<<<<

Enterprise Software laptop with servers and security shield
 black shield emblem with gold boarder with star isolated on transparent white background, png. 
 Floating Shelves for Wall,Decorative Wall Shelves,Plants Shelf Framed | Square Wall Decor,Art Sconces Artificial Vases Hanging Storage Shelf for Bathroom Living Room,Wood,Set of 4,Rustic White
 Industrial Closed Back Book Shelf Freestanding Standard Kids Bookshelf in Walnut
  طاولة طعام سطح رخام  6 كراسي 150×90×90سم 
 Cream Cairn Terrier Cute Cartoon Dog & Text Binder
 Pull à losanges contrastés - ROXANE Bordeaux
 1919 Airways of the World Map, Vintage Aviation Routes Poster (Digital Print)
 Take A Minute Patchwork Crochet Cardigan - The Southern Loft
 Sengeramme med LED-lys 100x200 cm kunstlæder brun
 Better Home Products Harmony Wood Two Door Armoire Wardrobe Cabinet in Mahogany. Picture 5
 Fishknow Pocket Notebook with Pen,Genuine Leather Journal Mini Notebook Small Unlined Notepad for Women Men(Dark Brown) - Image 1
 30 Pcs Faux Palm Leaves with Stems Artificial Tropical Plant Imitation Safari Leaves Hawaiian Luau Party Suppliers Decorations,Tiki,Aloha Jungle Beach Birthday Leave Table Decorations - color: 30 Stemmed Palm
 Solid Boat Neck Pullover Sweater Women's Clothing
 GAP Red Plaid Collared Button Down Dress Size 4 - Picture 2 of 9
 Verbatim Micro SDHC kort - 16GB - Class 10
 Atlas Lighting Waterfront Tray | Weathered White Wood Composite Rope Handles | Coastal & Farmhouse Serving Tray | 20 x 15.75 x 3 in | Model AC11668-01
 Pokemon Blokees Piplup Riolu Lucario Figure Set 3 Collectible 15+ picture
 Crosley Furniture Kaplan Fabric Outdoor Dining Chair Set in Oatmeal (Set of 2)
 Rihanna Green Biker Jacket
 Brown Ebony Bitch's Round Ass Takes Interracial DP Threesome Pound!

>>>>

Exercise prompt
Exactly reproduce the lines that run from the line with "Take A Minute" through the last line of the records, inclusive.

Task solution
 Take A Minute Patchwork Crochet Cardigan - The Southern Loft
 Sengeramme med LED-lys 100x200 cm kunstlæder brun
 Better Home Products Harmony Wood Two Door Armoire Wardrobe Cabinet in Mahogany. Picture 5
 Fishknow Pocket Notebook with Pen,Genuine Leather Journal Mini Notebook Small Unlined Notepad for Women Men(Dark Brown) - Image 1
 30 Pcs Faux Palm Leaves with Stems Artificial Tropical Plant Imitation Safari Leaves Hawaiian Luau Party Suppliers Decorations,Tiki,Aloha Jungle Beach Birthday Leave Table Decorations - color: 30 Stemmed Palm
 Solid Boat Neck Pullover Sweater Women's Clothing
 GAP Red Plaid Collared Button Down Dress Size 4 - Picture 2 of 9
 Verbatim Micro SDHC kort - 16GB - Class 10
 Atlas Lighting Waterfront Tray | Weathered White Wood Composite Rope Handles | Coastal & Farmhouse Serving Tray | 20 x 15.75 x 3 in | Model AC11668-01
 Pokemon Blokees Piplup Riolu Lucario Figure Set 3 Collectible 15+ picture
 Crosley Furniture Kaplan Fabric Outdoor Dining Chair Set in Oatmeal (Set of 2)
 Rihanna Green Biker Jacket
 Brown Ebony Bitch's Round Ass Takes Interracial DP Threesome Pound!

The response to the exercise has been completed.